Obama ramped up the rhetoric further during his joint press conference on Thursday with South Korean President Lee Myung-bak.
"This is not just a dangerous escalation, this is part of a pattern of dangerous and reckless behavior by the Iranian government," Obama said. "And for Iran to have been involved in a plot like this indicates the degree to which it has been outside of accepted norms of international behavior for far too long. This is just one example of a series of steps that they’ve taken to create violence and to behave in a way that you don’t see other countries doing."
Obama promised to "apply the toughest sanctions and, you know, continue to mobilize the international community to make sure that Iran is further and further isolated and that it pays a price for this kind of behavior."
State Department spokeswoman Victoria Nuland said that the Obama administration had direct contact with Iran regarding the issue on Wednesday, but she declined to elaborate on the interaction. It is possible that the contact was in New York between the U.S. and Iranian delegations to the United Nations.
U.N. Ambassador Susan Rice has completed individual meetings with all 14 other Security Council delegations. State’s top counterterrorism official, Dan Benjamin, went to New York to join Rice in those meetings.
"I think it’s premature to say what the Security Council might be prepared to do, but we’re continuing to work on that," Nuland said.

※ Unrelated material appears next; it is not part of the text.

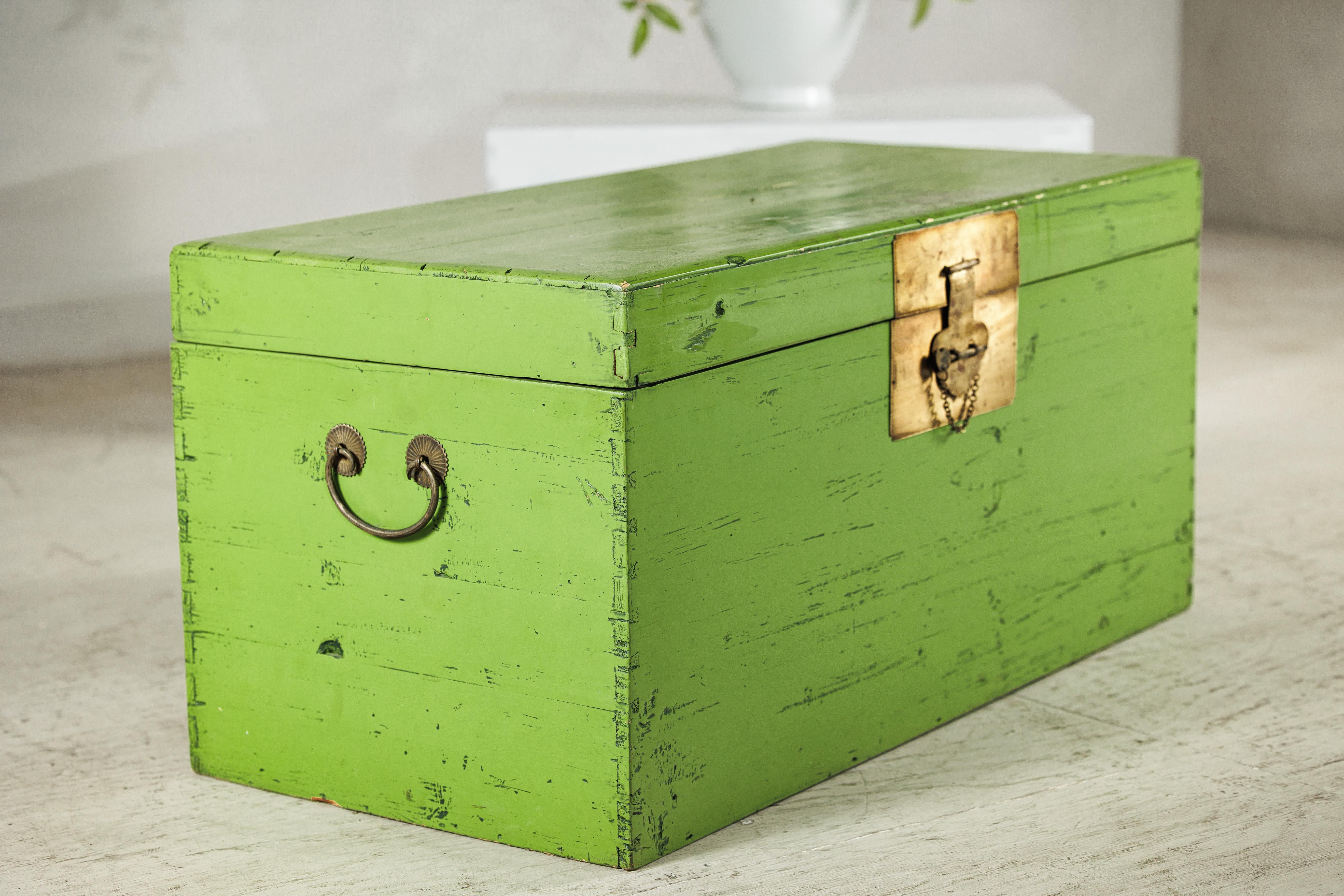 Vintage Chinese Wooden Trunk with Bright Green Finish and Brass Hardware For Sale 4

Other countries are buying the basic idea of the plot, Nuland said, despite fairly widespread skepticism among Iran watchers about the likelihood the Quds Force would put such a clumsy plan into place.
"Countries may find it quite a story, but they’re not surprised that Iran would be capable of something like this," she said.
The State Department is sending a team to Moscow to brief Russian officials about the plot after Foreign Minister Sergei Lavrov asked Clinton for more information.
At the hearing, Sen. Robert Menendez (D-NJ) called on the administration to put its support behind passage of the Iran, North Korea and Syria Sanctions Consolidation Act, which he cosponsored along with 75 other senators.
"Our efforts to date have been transformative. But as Iran has adapted to the sanctions, unanticipated loopholes have allowed the regime to adjust and circumvent the sanctions and drive forward its effort to achieve a robust nuclear program," Menendez said. "We have to be just as prepared to adjust and adapt by closing each loophole that arises."
Sen. Mark Kirk (R-IL), who has been calling for Treasury to sanction the Central Bank of Iran, said at the hearing that the administration must do more and already has the authority to sanction 14 companies that the Government Accountability Office has cited as still doing business in Iran.
Kirk noted that the United States has sanctioned only 11 Iranian officials for human rights violations, while the European Union has sanctioned 61 officials.
Treasury Undersecretary David Cohen testified at the hearing that sanctions against Iran’s Central Bank were under consideration.
"Further U.S. action against the CBI, if it attained multilateral support, could further isolate the CBI with a potentially powerful impact on Iran," Cohen said. "[A]ll options to increase the financial pressure on Iran are on the table, including the possibility of imposing additional sanctions against the CBI."